Adobe’s challenges included:
- Enabling globalization. The new HR system would have to serve as a catalyst, not a hindrance, to achieving global scale.
- Reducing dependency on IT. The People team needed to make changes, build reports, and configure business processes without depending on IT. They required a system that was lightweight, adaptable, and scalable without expensive and disruptive upgrades and customizations.
- Improving overall employee experience. Employees expected consumer-grade experiences like mobile and social with enterprise-class infrastructure.
The Solution
Adobe went through an extensive vendor selection process with both the incumbent legacy vendor and other core HCM solutions. The team had a mandate for a cloud-based system for core People Resources. With the incumbent vendor offering its solution at little to no cost for the software and the potential disruption of a long-term technology partnership with a new vendor, the decision to go with Workday was not taken lightly. The decision was not easy.
Donna stated her mission, “This was not a cost savings exercise. People are our greatest asset, and this was an exercise to transform the employee experience.”
Adobe’s implementation partner, Deloitte Consulting, worked with the Adobe team to complete the Workday implementation in less than nine months and Adobe achieved a go- live on January 12, 2015.
The results
When compared to other HR Core implementations, Adobe achieved major gains such as:
- Fostered significant employee engagement. Drove adoption with 88 percent of all employees and 99 percent of all managers logging in to experience Workday, and 25 percent of all employees completing their profiles. With the previous system, it was rare that managers logged into the system directly.
- Increased access to reporting functions for leaders. Prior to the new core HR system, Adobe had one person on the team whose whole job was reporting attrition and hiring data. With Workday, leaders have self-service access to reports about their organizations.
- Enabled democratization of data and insights. All leaders can look at organization charts on any device to identify and address issues around staffing, talent, and diversity.

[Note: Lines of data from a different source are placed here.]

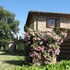 cetona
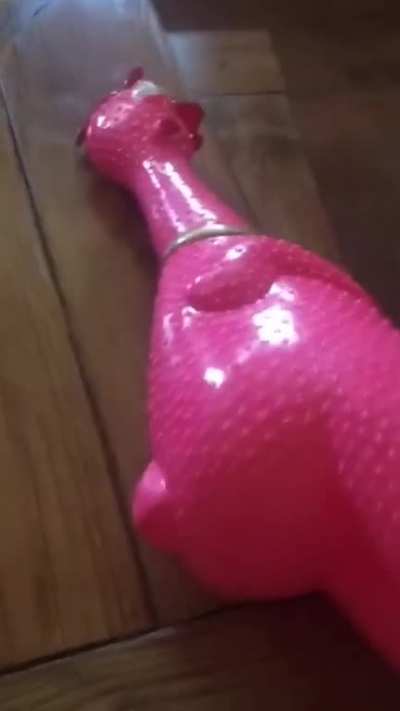Wait for it...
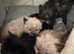 Kittens looking for forever home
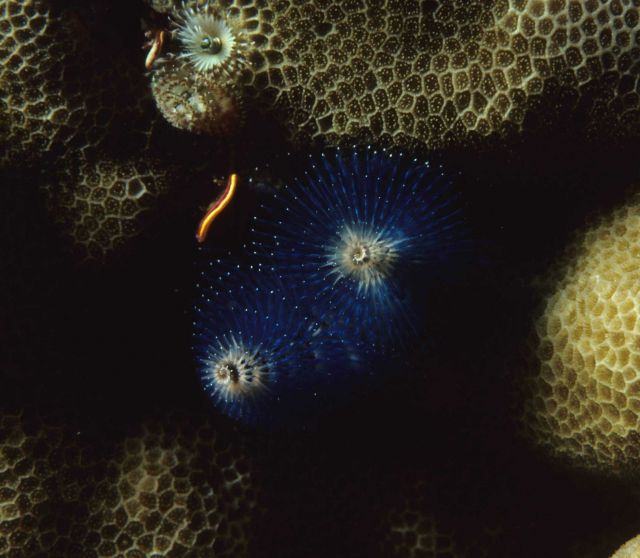 One Tree Reef Picture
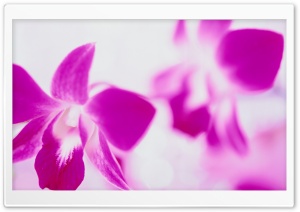 Purple Flowers On White Background Ultra HD Wallpaper for 4K UHD Widescreen desktop, tablet & smartphone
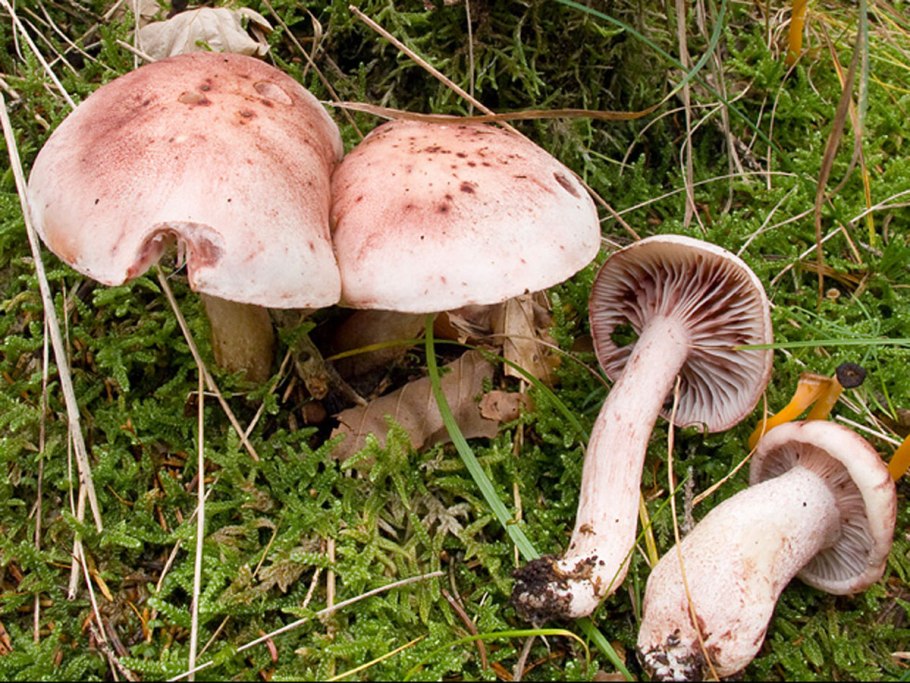 Гигрофор обыкновенный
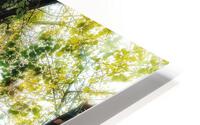 V371 HD Metal print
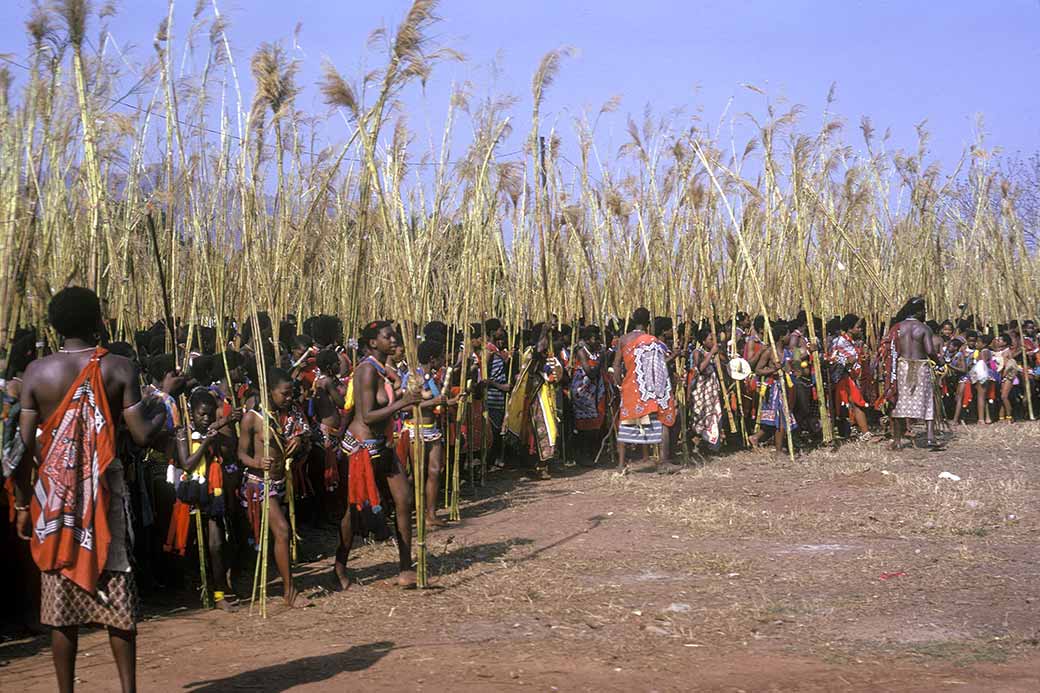 Girls with reeds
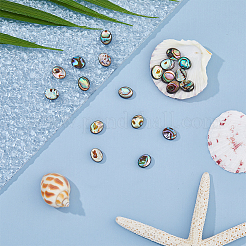 20Pcs Abalone Shell/Paua Shell Beads&nbsp;SSHEL-FI0001-03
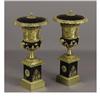 Image 1 : A Pair of Russian Patinated and Gilt Bronze Urns 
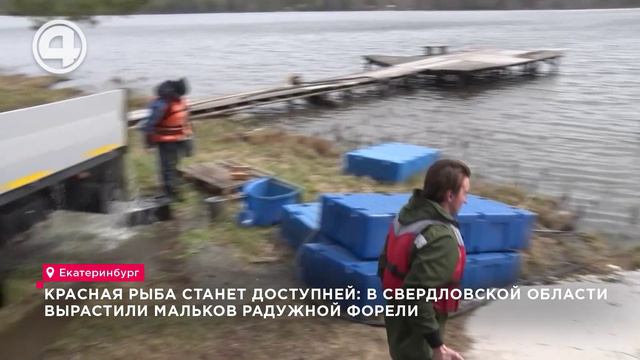 Красная рыба станет доступней: в Свердловской области вырастили мальков радужной форели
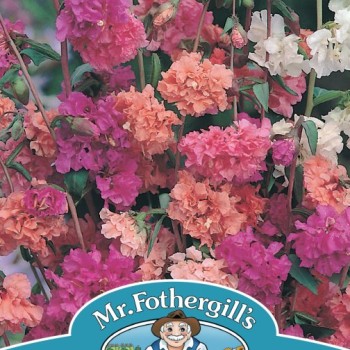 CLARKIA Choice Double Mixed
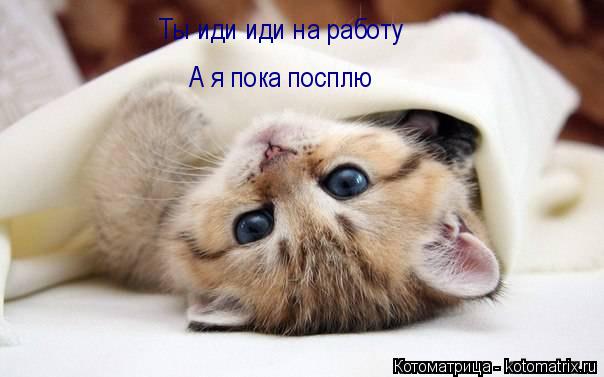 Ты иди иди на работу А я пока посплю... Котоматрица: Ты иди иди на работу А я пока посплю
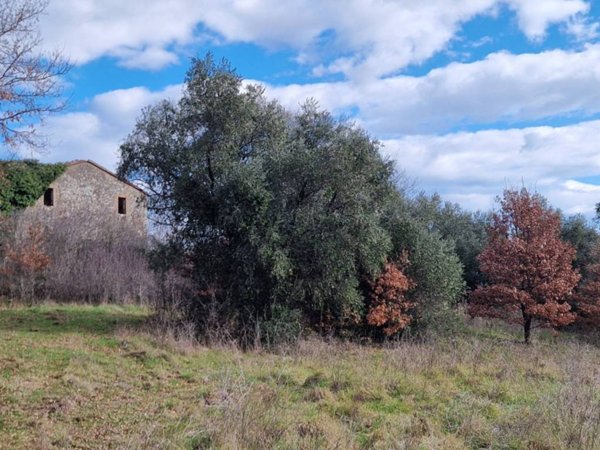 casa indipendente in vendita ad Avigliano Umbro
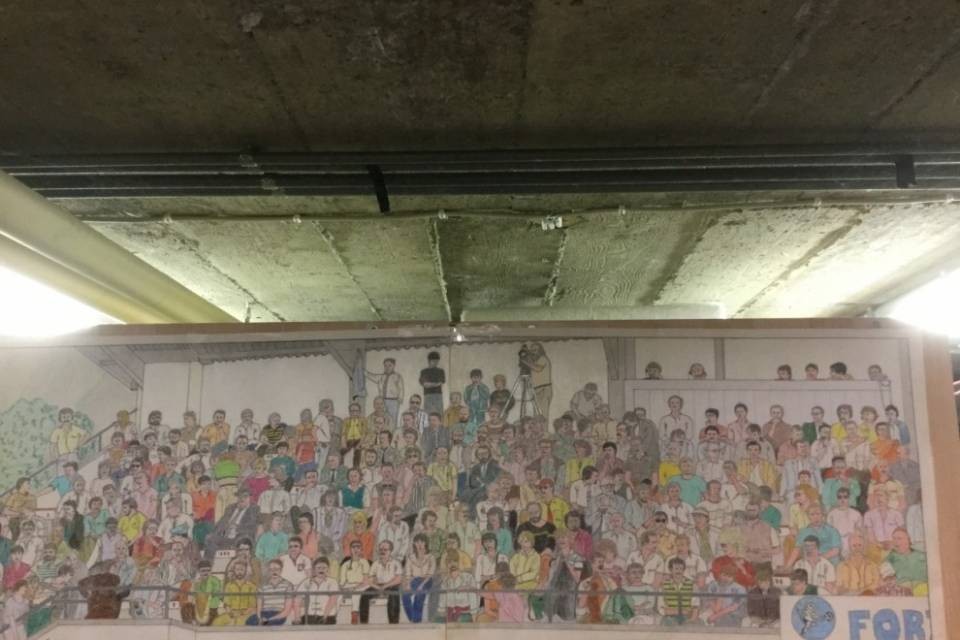 FC Locarno, il disegno del Ghiro per 10mila franchi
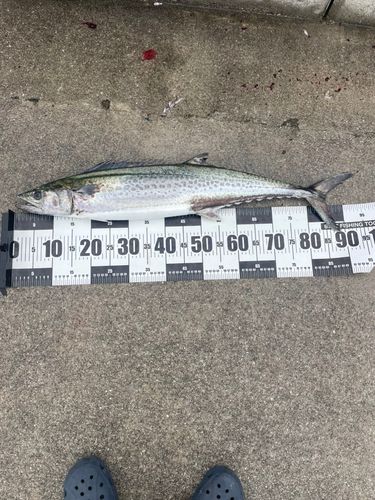サワラの釣果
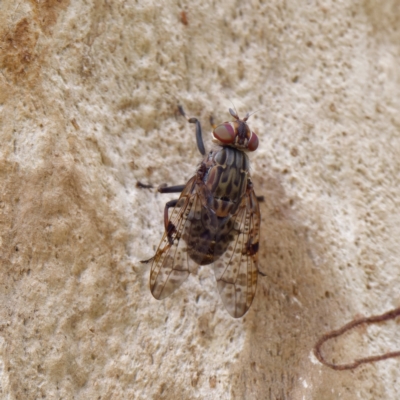 Euprosopia sp. (genus) (Signal fly) at Acton, ACT - 21 Feb 2022 by DPRees125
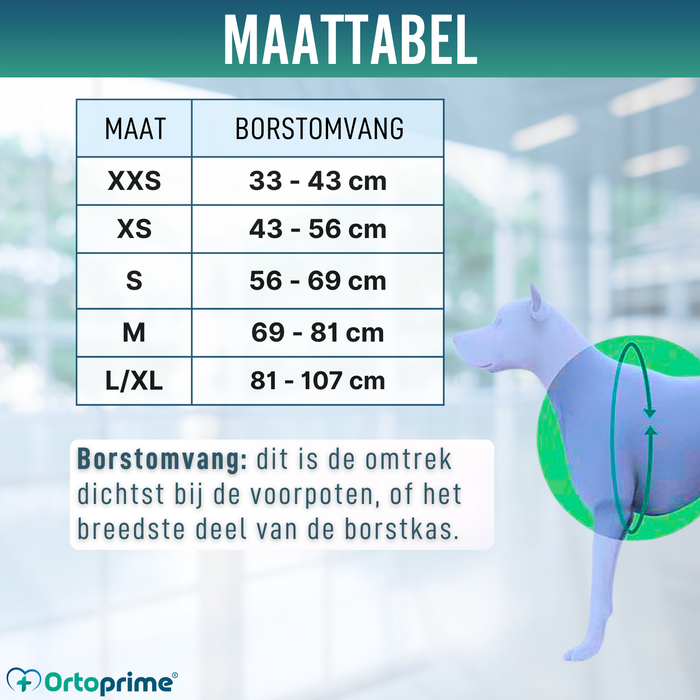 Multifunctioneel Harnas voor Honden | Stevige Structuur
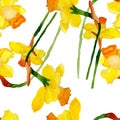Watercolor summer narcissus flower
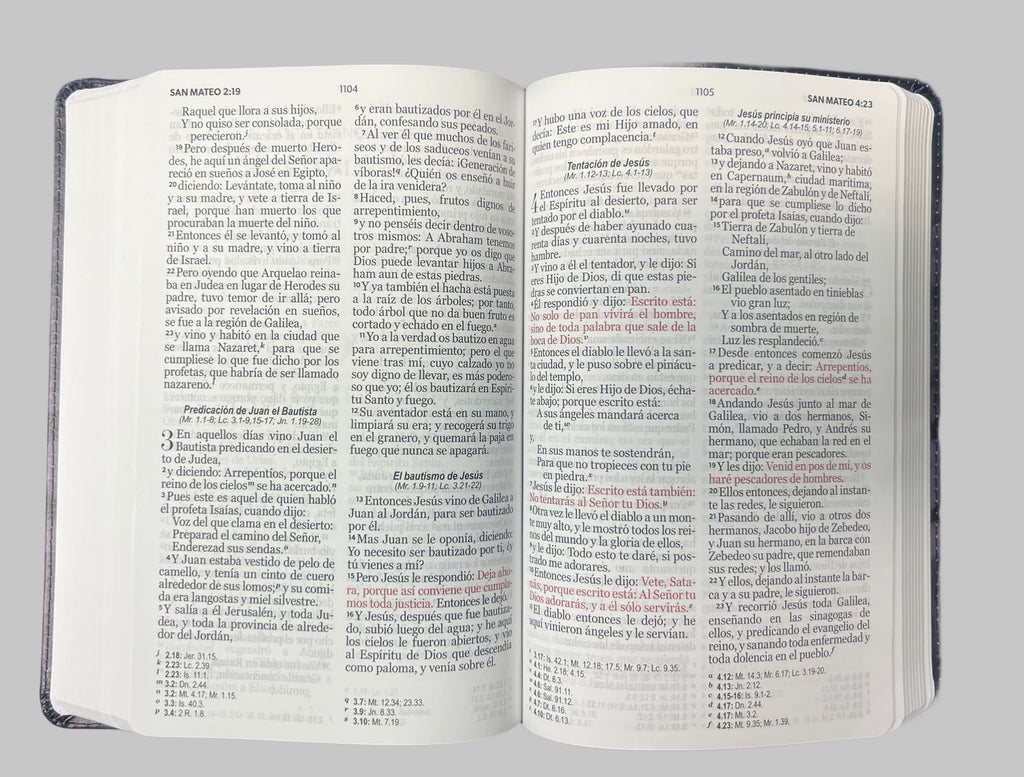 Biblia Letra Grande 12 puntos RV1960, imit piel con silueta de león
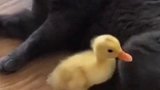 动物翻车行为大赏 好一招猴子偷桃娱乐播报台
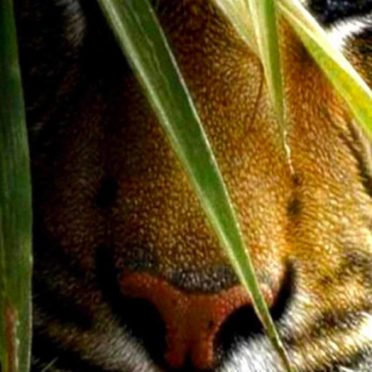 tigre Animal Fondo de Pantalla de iPhone7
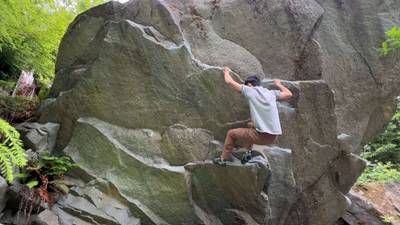 Obesity v7, Gold Bar - Beta Video from weiwayy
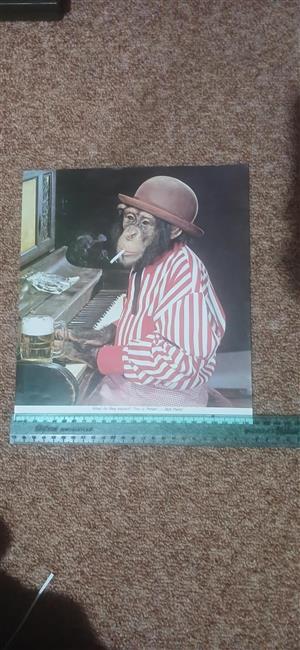 Baboon, bigger picture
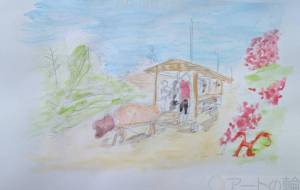 沖縄　牛車 - Hiro 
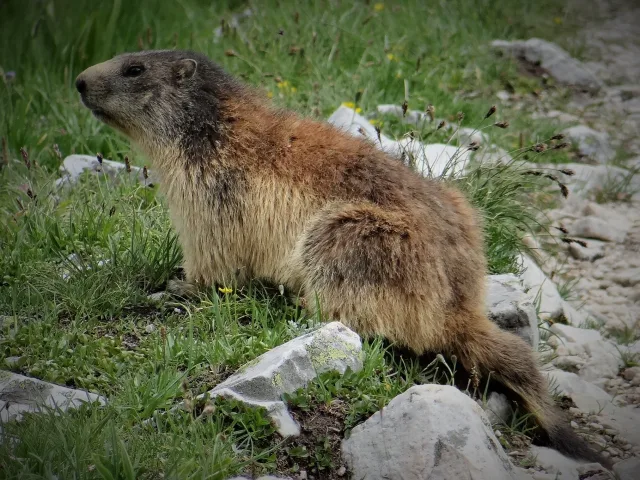 Marmotta (Marmota marmota)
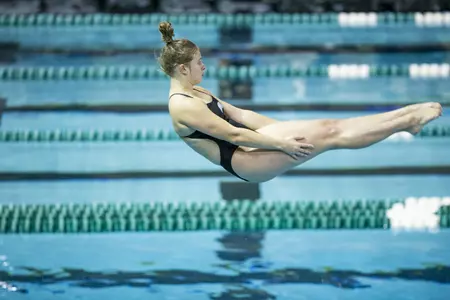Ohio Swimming & Diving Visits MAC Foe Buffalo on Saturday Image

- Propelled digital transformation initiatives across the employee life-cycle. Workday facilitates Adobe’s career development by making it easy for employees to create a rich profile by importing information from LinkedIn and by improving the cross-organizational visibility of talent. Now, 25 percent of Adobe’s open positions are filled with internal talent.
Metrics
Implementation: Adobe began the journey in 2011. The company started implementation in spring 2014 and went live in January 2015. Adobe’s ability to go live in nine months for a company of its size is in the upper quartile of efficiency for implementations.
Adoption: 88 percent of all employees and 99 percent of all managers logging in to participate on Workday, and percent of all employees completed their profiles.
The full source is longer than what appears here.